Edit: That is a good squeeze theorem explanation above. I didn't see that post when I submitted this first, but that one is great. Many thanks.

 

[QuarkCharmer]

Alright, I think I have this down now. Would you mind looking it over?

 

[Mark44]

Your scanned image is hard to read. The bottom half is fairly clear, but the top half is pretty faint.

 

[QuarkCharmer]

Your scanned image is hard to read. The bottom half is fairly clear, but the top half is pretty faint.

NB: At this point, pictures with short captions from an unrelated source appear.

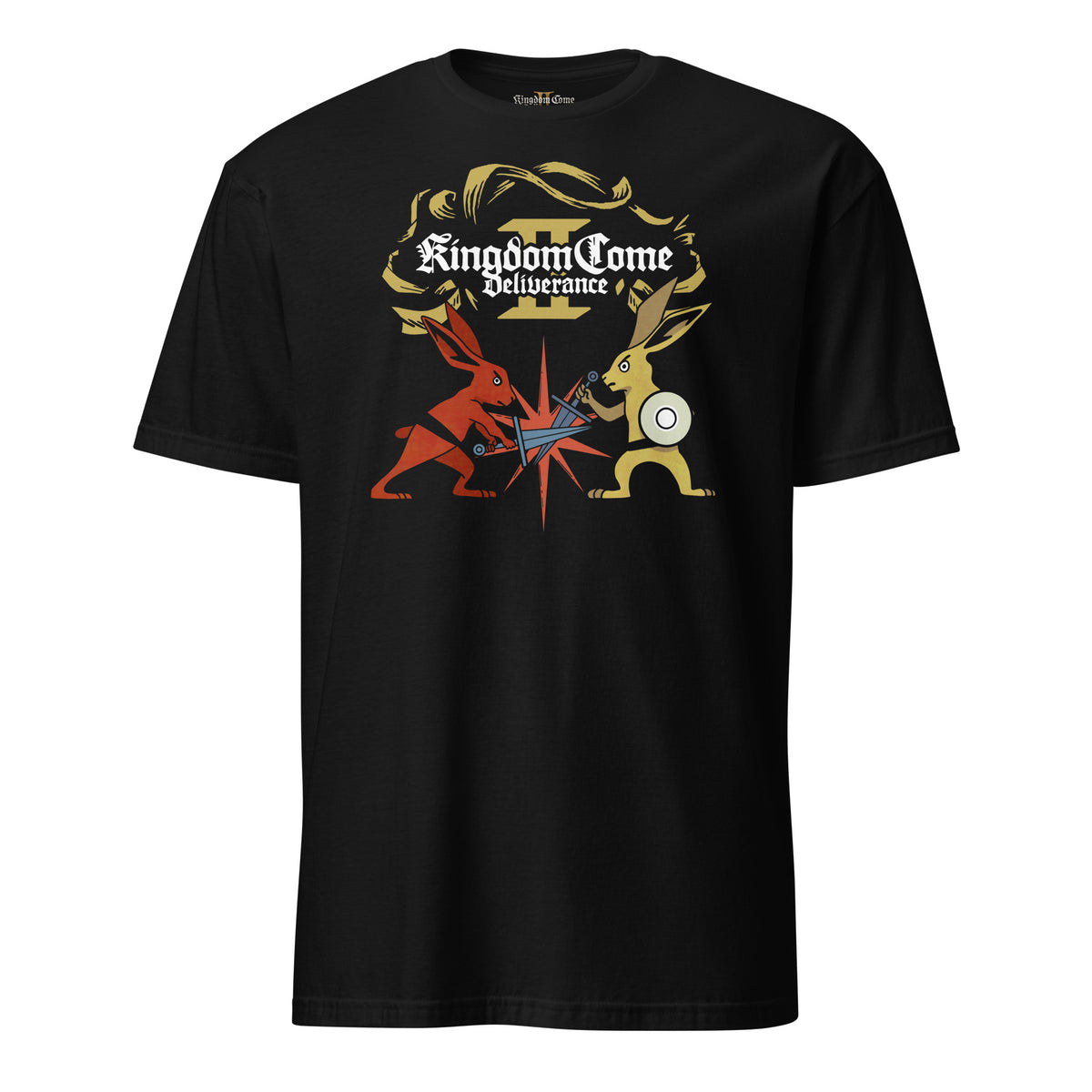 Kingdom Come Deliverance II - Combat Status Bunny - T-Shirt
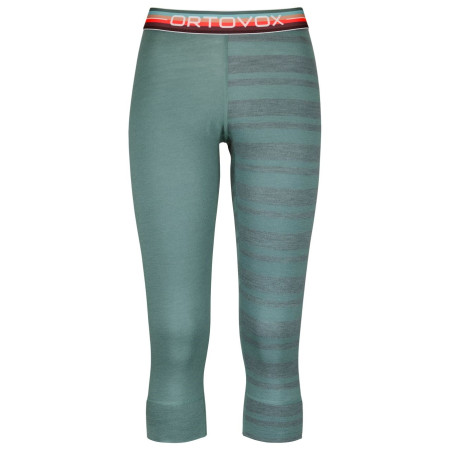 Szorty damskie Ortovox 185 Rock'N'Wool Short Pants W szary arctic grey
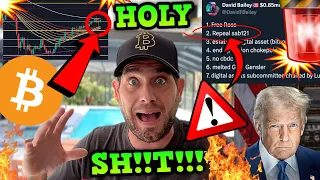 BITCOIN 🚨 BITCOIN HUGE BOMBSHELL!!! DO NOT UNDERESTIMATE! ALTCOINS IN TROUBLE? [MASSIVE CATALYST] 🚨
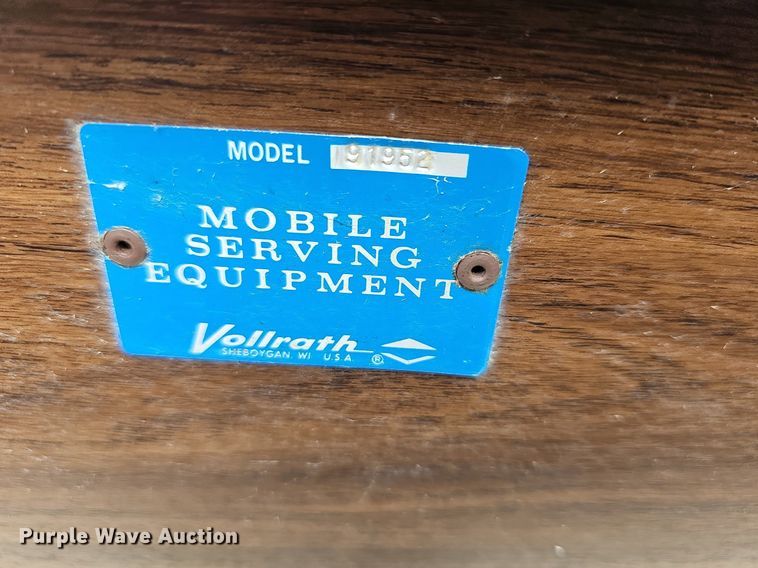 image for item NU9015 Mobile Salad Bar 91952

Okay, I'll give this a shot:
Pretend there is a limit as h tends to 0 before all this:

$$\frac{d}{dx} tan(x) = sec^2(x)$$

$$\frac{tan(x+h)-tan(x)}{h} =$$

Here I just gave a common den. and used the tan ident.

$$\frac{\frac{tan(x)+tan(h)}{1-tan(x)tan(h)} - \frac{tan(x)(1-tan(x)tan(h))}{1-tan(x)tan(h)}}{h}$$

$$\frac{\frac{tan(h)+tan^2(x)tan(h)}{1-tan(x)tan(h)}}{h}$$

$$\frac{tan(h)(1+tan^2(x))(1)}{h(1-tan(x)tan(h))}$$

$$\frac{tan(h)}{h} \frac{sec^2(x)}{1-tan(x)tan(h)}$$

$$\frac{sec^2(x)}{1-0}$$

$$sec^2(x) = sec^2(x)$$

 

[Mark44]

Okay, I'll give this a shot:
Pretend there is a limit as h tends to 0 before all this:

I will also pretend that there is an equals between all of these equal expressions.

$$\frac{d}{dx} tan(x) = sec^2(x)$$

$$\frac{tan(x+h)-tan(x)}{h} =$$

Here I just gave a common den. and used the tan ident.

$$\frac{\frac{tan(x)+tan(h)}{1-tan(x)tan(h)} - \frac{tan(x)(1-tan(x)tan(h))}{1-tan(x)tan(h)}}{h}$$

$$\frac{\frac{tan(h)+tan^2(x)tan(h)}{1-tan(x)tan(h)}}{h}$$

$$\frac{tan(h)(1+tan^2(x))(1)}{h(1-tan(x)tan(h))}$$

$$\frac{tan(h)}{h} \frac{sec^2(x)}{1-tan(x)tan(h)}$$

$$\frac{sec^2(x)}{1-0}$$

$$sec^2(x) = sec^2(x)$$

Somewhere near the end you "passed to the limit" as they say, or took the limit.

$$= \lim_{h \to 0}\frac{tan(h)}{h} \frac{sec^2(x)}{1-tan(x)tan(h)}$$

$$= \lim_{h \to 0}\frac{tan(h)}{h} \lim_{h \to 0}\frac{sec^2(x)}{1-tan(x)tan(h)}$$

$$= 1 \cdot sec^2(x)$$

In the line above the last one, lim tan(h)/h = 1, and lim (sec^2(x))/(1 - tan(x)tan(h)) = sec^2(x), as h --> 0.

 

[QuarkCharmer]

Yeah, it wasn't really a "homework" assignment, nobody will read it. I was mostly curious myself more than anything. I really appreciate all of the help. Maybe one day someone will ask something that I can help with and I can repay.